Q1 足立区立中学校の3年生の総合学習の授業について、自民党都議の質問を受け都教委は、「性交」「避妊」など学習指導要領を超えた内容に課題があり、指導すると答弁しました。このことに、「教育への不当な介入だ」「性についての正しい知識は子どもに必要だ」と、抗議と批判の声が広がっています。
 東京の10代の人工妊娠中絶が毎年1000人前後という実態もある中で、足立区の中学校の性教育を支持する声が、圧倒的多数です。
 秋田県は、医師会の協力で「性教育講座」をすべての中学・高校で行い、妊娠・出産や避妊、性感染症について学んでいます。その結果、かつて全国平均以上だった10代の人工妊娠中絶の件数が3分の1に減少し、全国平均以下になる効果をあげています。
 知事は、子どもたちが科学的な性知識を学ぶ「性教育」の必要性について、どのように認識していますか。

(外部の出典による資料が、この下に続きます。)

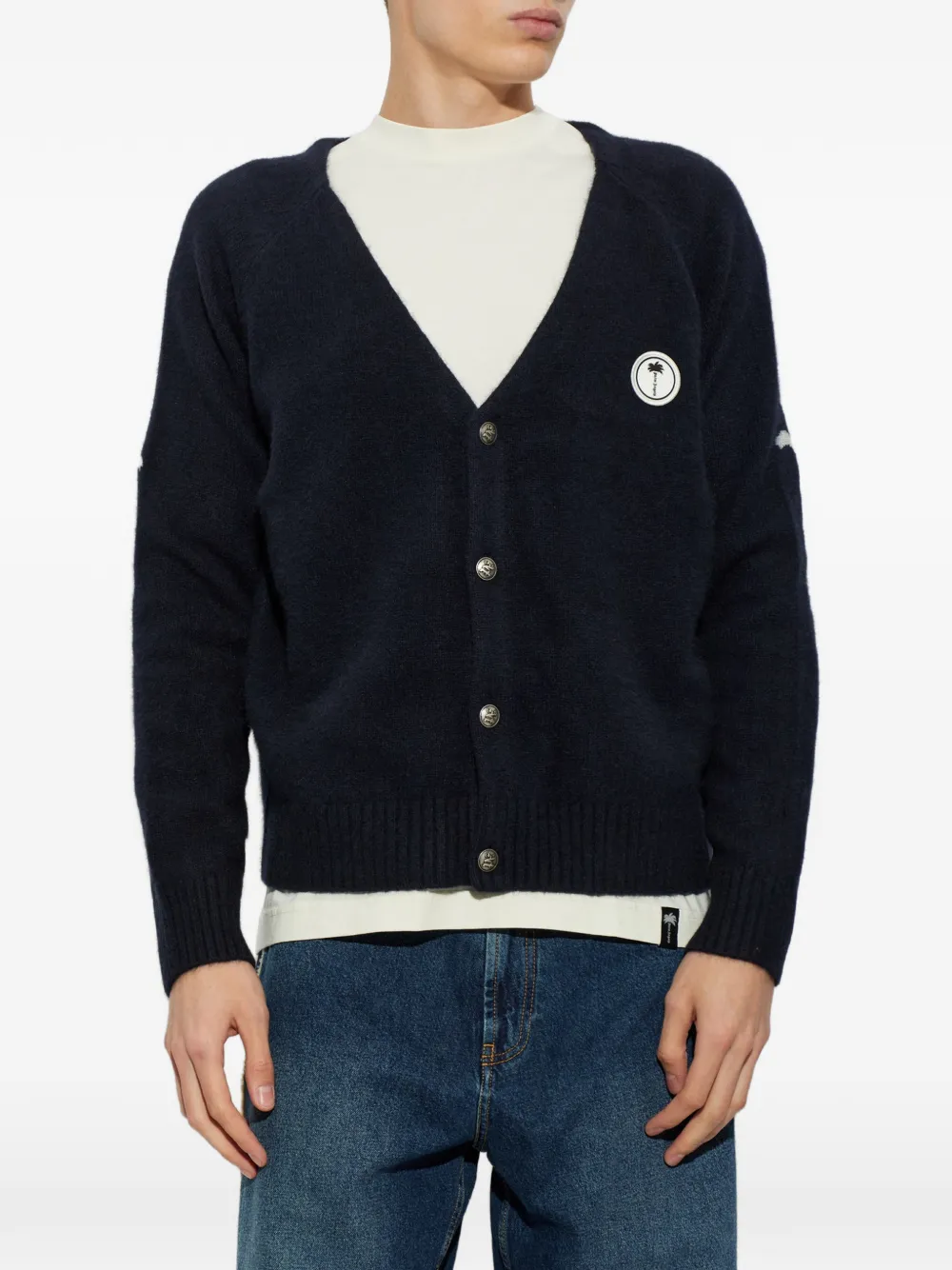 Palm Angels logo-patch intarsia-knit cardigan Blauw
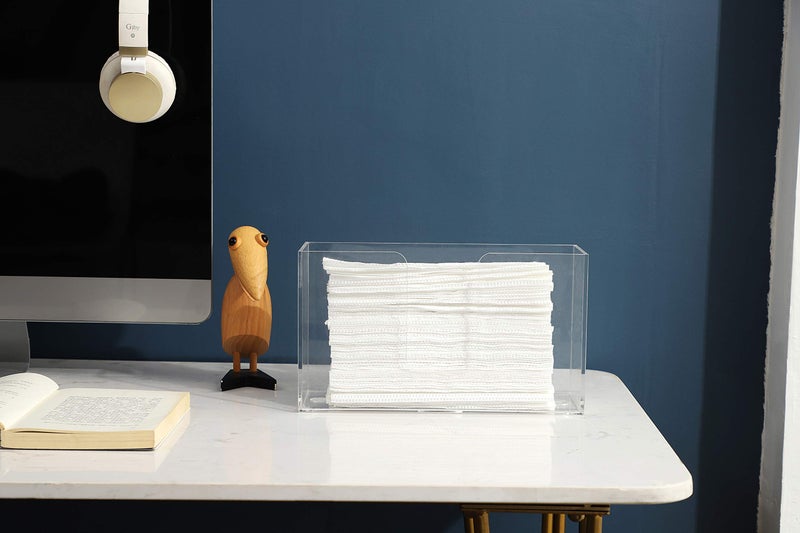IEEK Paper Towel Dispenser Wall Mount Acrylic Paper Towel Holder for Bathroom Office and Kitchen,Hand Towel Dispenser Fits Multi-Fold Paper Towel,C-Fold, Zfold,Tri fold Paper Towels,Clear - Image 3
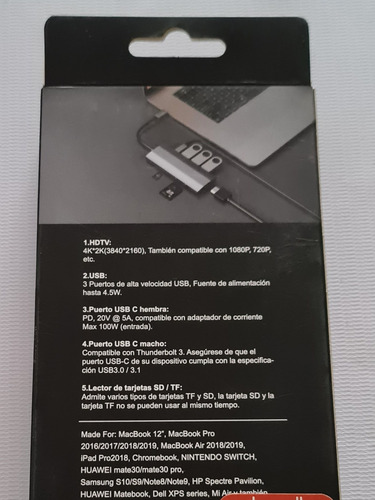 Adaptador Multi Conector Hub Usb C Hdmi X1 Usb X3 Sd Tf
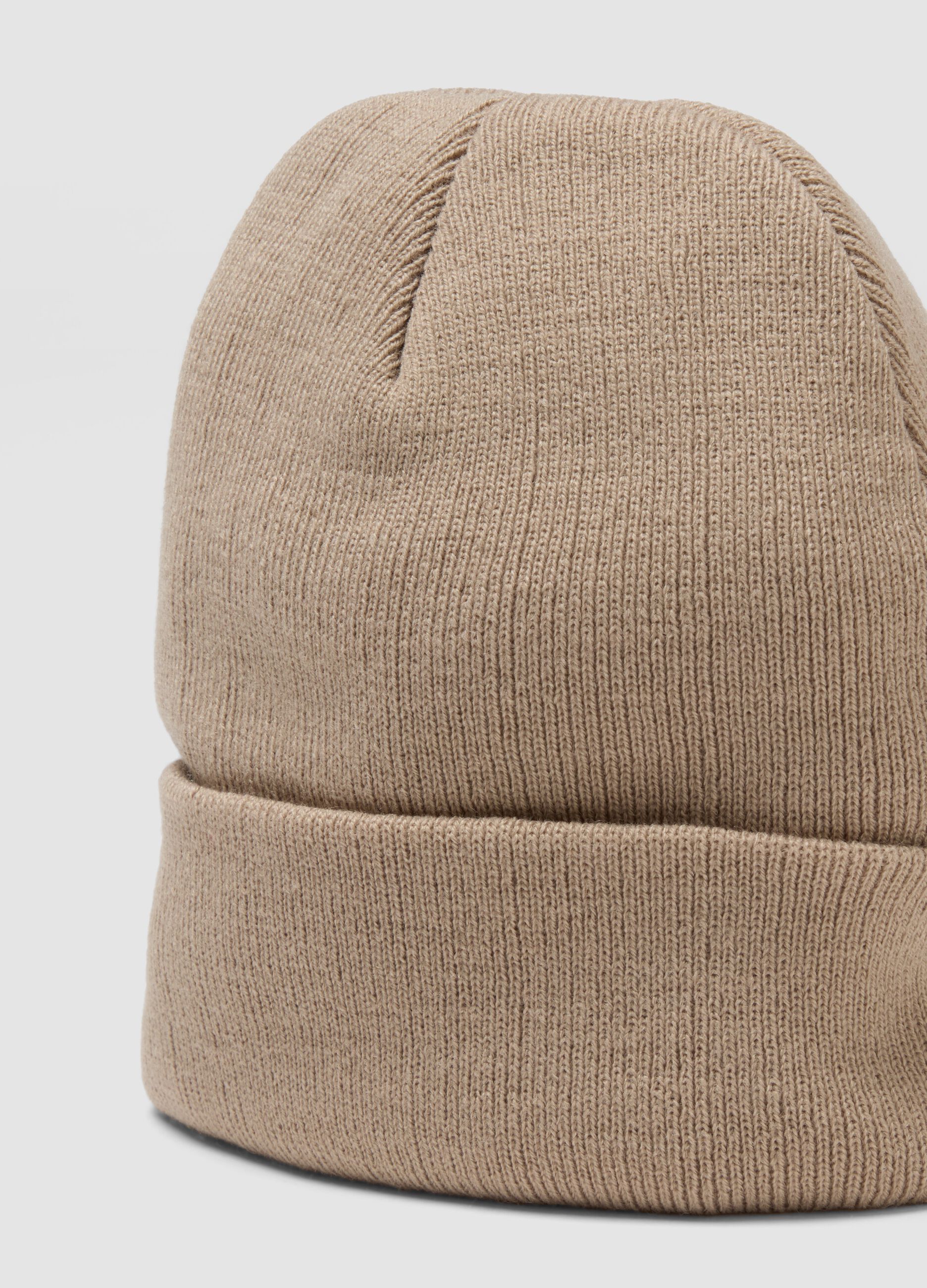 Beige jersey knit beanie with turn-up cuff
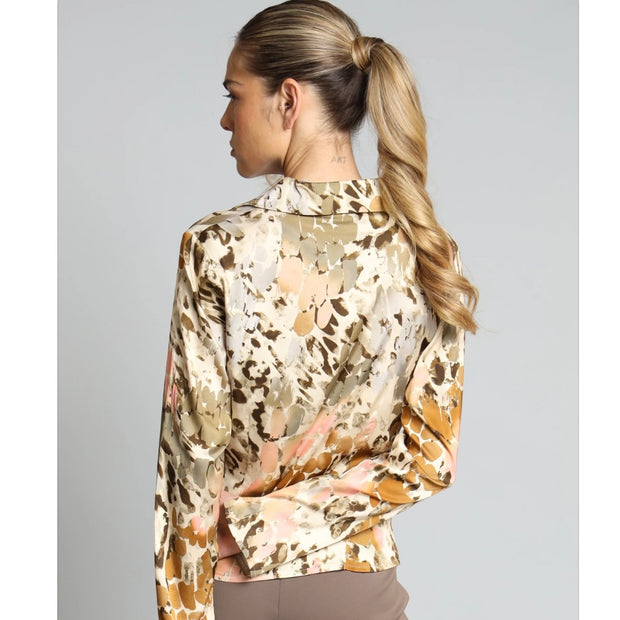 Lola&Sophie Safari Print Front Zip Shirt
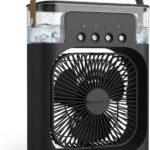 Ventilador Portátil de Mesa Mini Ar Condicionado Umidificador Climatizador Led Água e Gelo 3 Velocidades Led (PRETO)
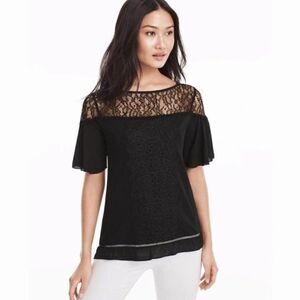 White House Black Market Lace Yoke Short Sleeve Shirt Blouse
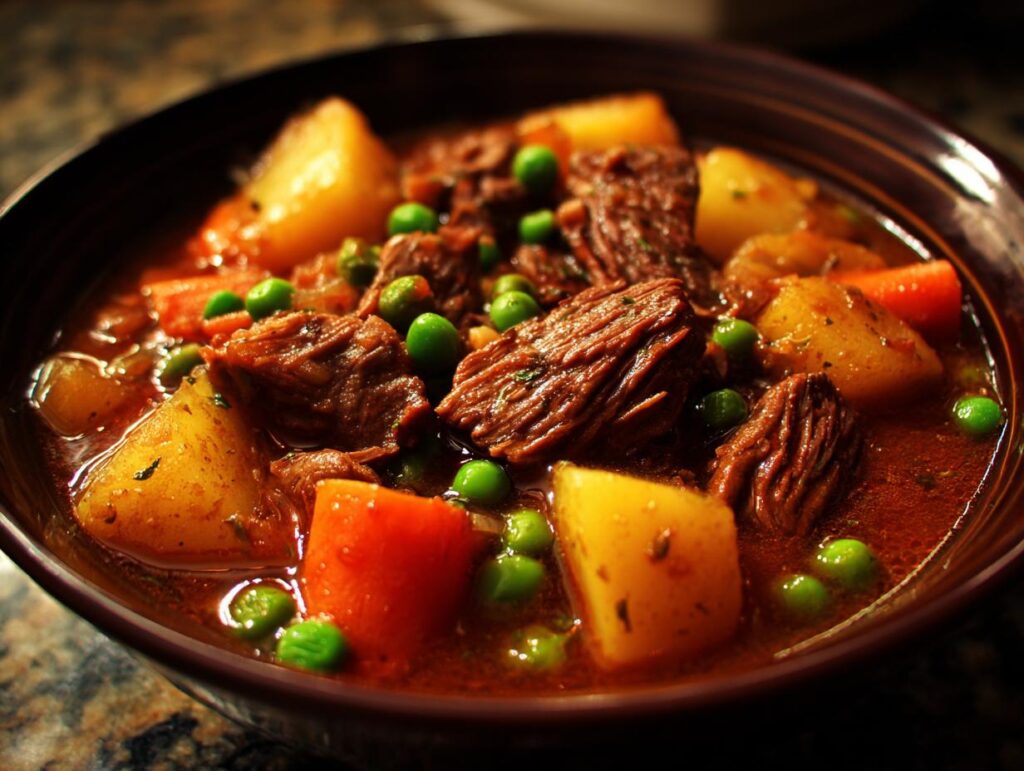 Close-up of a hearty bowl of beef stew with tender chunks of beef, potatoes, carrots, and peas in a rich gravy.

Q2 4月の都教委の定例会で、教育庁指導部は、性教育について学習指導要領を超える内容を指導する場合は、「保護者の理解・了解を得た生徒を対象に個別指導することなどが考えられる」とする方針を示し、全区市町村教育委員会と都立学校に周知していくと報告しました。
 この方針に、教育長を除く委員5人が、「足立区の中学校を否定するべきでない」「性についての正確な情報が子どもを守る。柔軟に対応してほしい」「現場の先生が萎縮せず、積極的にやってほしい」という見解を表明したことを、教育長はどのように受け止めていますか。

Q3 今回の中学校の授業は、都教委による指導の対象とすべきものではないと考えますが、いかがですか。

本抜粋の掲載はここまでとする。